For 85 years, empirical research has relied on the concept of “statistical significance” as a type of methodological gatekeeper. Studies that produce statistically significant results pass the sniff test and are deemed worthy of publication and discussion. Studies that do not are typically cast into the proverbial desk drawer.

The term “statistically significant finding,” the *sine qua non* of empirical research, is ubiquitous throughout academia. As statistical estimation techniques have moved into government and industry research, the concept has become more prevalent to a wider array of leaders and stakeholders. But what does the term “statistically significant” actually mean?

## Statistical Significance and P-Value

- Statistical significance relies on something called a p-value. If a statistical estimate yields a p-value less than or equal to .05, then it is typically considered statistically significant.
- P-values rely on a statistical practice known as null-hypothesis significance testing, or NHST for short. In this method, the researcher starts from a null hypothesis that assumes a true-effect size of zero. From this starting point, the researcher estimates the effect from data by employing some statistical model or procedure. This results in an empirical estimate of an effect posited by the model and evidenced by the data.
- Uncertainty in the estimated effect is codified in a p-value. The p-value is the cumulative probability that, conditional on the null hypothesis being true, the model produces the estimated effect or a larger one by chance alone. Thus, a p-value of .05 would indicate that there is 5 percent chance or less that the data would randomly produce an effect of the estimate’s magnitude or larger from zero.

## Statistical Significance and NHST

Statistical significance relies on something called a p-value. If a statistical estimate yields a p-value less than or equal to .05, then it is typically considered statistically significant and welcomed into the confraternity of reliable results.

This, of course, raises the question: What is a p-value and why does it have to be less than .05? For the curious, you’re not alone: Most researchers cannot answer this question correctly. The actual definition of a p-value requires a bit of explanation of a statistical practice (some would call it a “ritual”) known as null-hypothesis significance testing, or NHST.

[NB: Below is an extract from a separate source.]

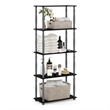 Furinno TURN-N-TUBE Engineered Wood 5-Tier Shelf Display Rack in Black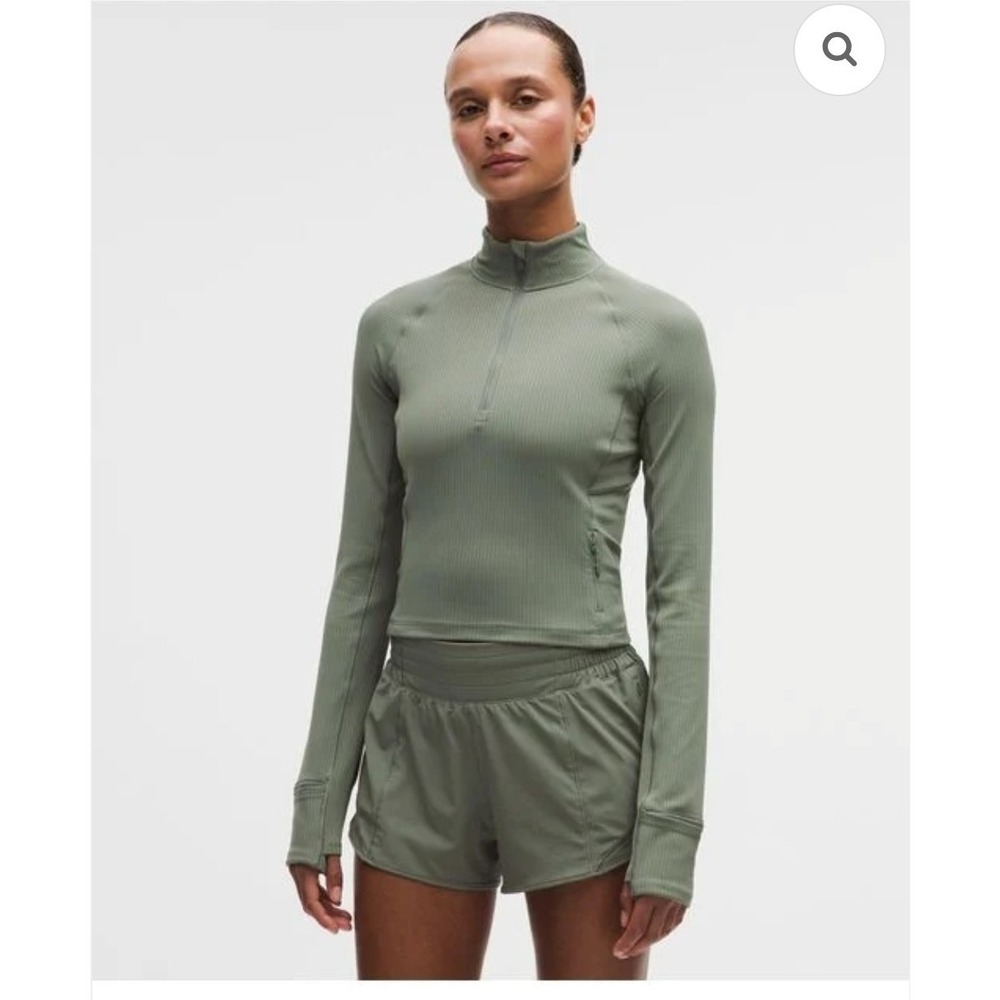 NWT M Lululemon It's Rulu Run Ribbed Cropped Half Zip Green Top Jacket Workout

NHST is a method by which a researcher starts from a null hypothesis that assumes a true-effect size of zero. In other words, the benchmark assumption before statistical analyses begin is that there is no true statistical effect. From this starting point, the researcher proceeds with estimating the effect from data by employing some statistical model or procedure. This results in an empirical estimate of an effect posited by the model and evidenced by the data.

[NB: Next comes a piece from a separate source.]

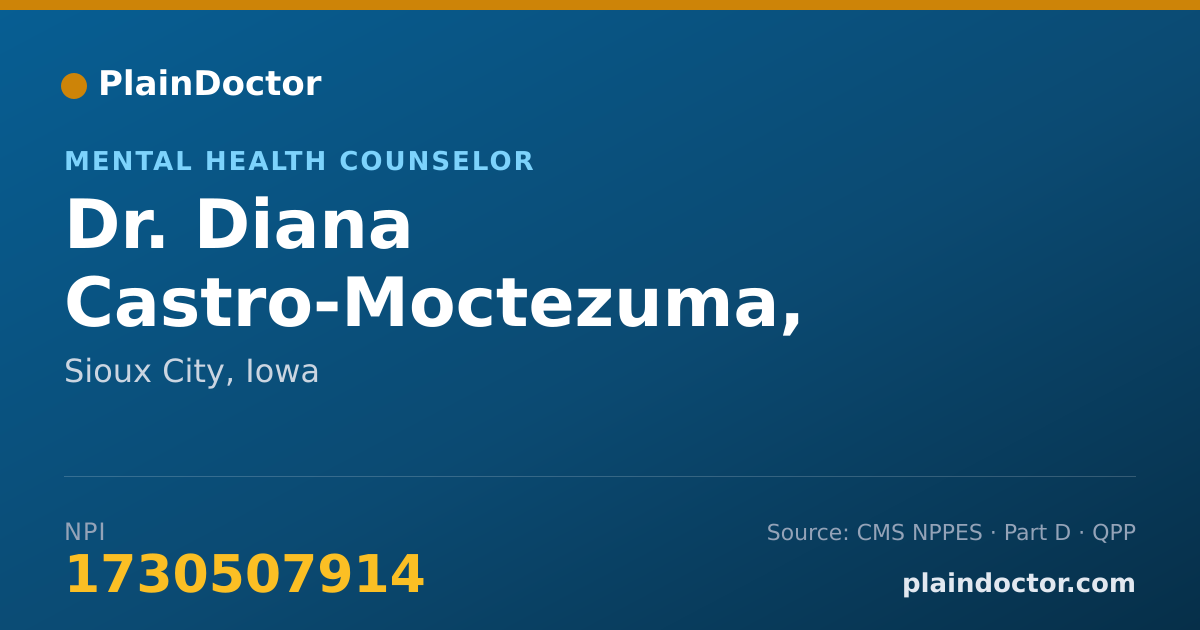 Shareable card for Diana Castro-Moctezuma, LMHC, IADC - Mental Health Counselor, Sioux City, IA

Uncertainty in the estimated effect is codified in a p-value. The p-value is the cumulative probability that, conditional on the null hypothesis being true (i.e., conditional on there being no true effect), the model produces the estimated effect or a larger one by chance alone. In other words, a p-value of .05 would indicate that there is 5 percent chance or less that the data would randomly produce an effect of the estimate’s magnitude or larger from zero.

On its face, the NHST procedure and the p-value that results have a veneer of scientific respectability: A hypothesis is posited, tested with data and disproven if false. A simple example illustrates one of NHST’s major flaws, however. Start with the question, “Is some person seven feet tall?” An empirical solution to this question would involve a straightforward measurement of the person’s height. Easy enough.

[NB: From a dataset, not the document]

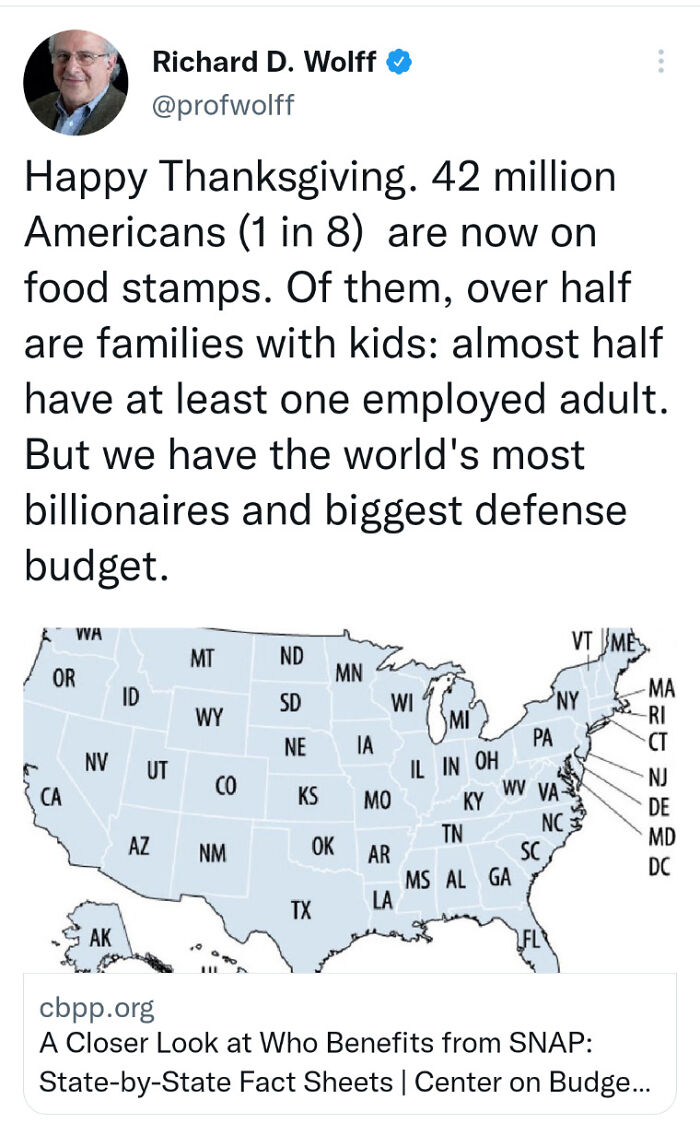 42 Million Americans Are Now On Food Stamps Well The USA Has The Most Billionaires In The World. Happy Thanks Giving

But now, adopt the NHST framework and set a null hypothesis of no difference between some person’s height and that of the average person. A measurement of some person’s height yields a difference from the average person’s height that is not equal to zero. Because the difference in the two heights is not zero, according to NHST, there is evidence in favor of some person being seven feet tall or more.

This example sounds ridiculous. But it’s no different than asking the question “Is this effect size x units?” and using NHST to answer “There is a 5 percent chance or lower that a true effect size of zero produced these data, so this provides evidence that the effect size is, in fact, x units.”

## Statistical Strawmen

The reason this sounds so absurd is because it’s a classic logical fallacy: the strawman argument. NHST sets up an answer to a different question than the one the researcher actually asked. NHST then proceeds to “disprove” the former and uses this as evidence for the latter.

What’s worse, the p-value is unable to reject even the strawman! The computation of the p-value takes as given the null-hypothesis assumption. But, in allegedly rejecting a null hypothesis, NHST has conveniently reversed the conditioning so that the p-value goes from being the probability of the data given the null hypothesis is true to the probability of the null hypothesis being true given the data.

Another way of saying this is that a researcher cannot use the probability of a person being Catholic given that he’s the Pope to answer the question of whether someone is the Pope given that he’s Catholic. Another example of this fallacy is to suggest that because many terrorists have backgrounds in engineering, engineers are more likely to be terrorists. The problem is that the two conditional probabilities assume different reference groups and so they don’t even address the same research question.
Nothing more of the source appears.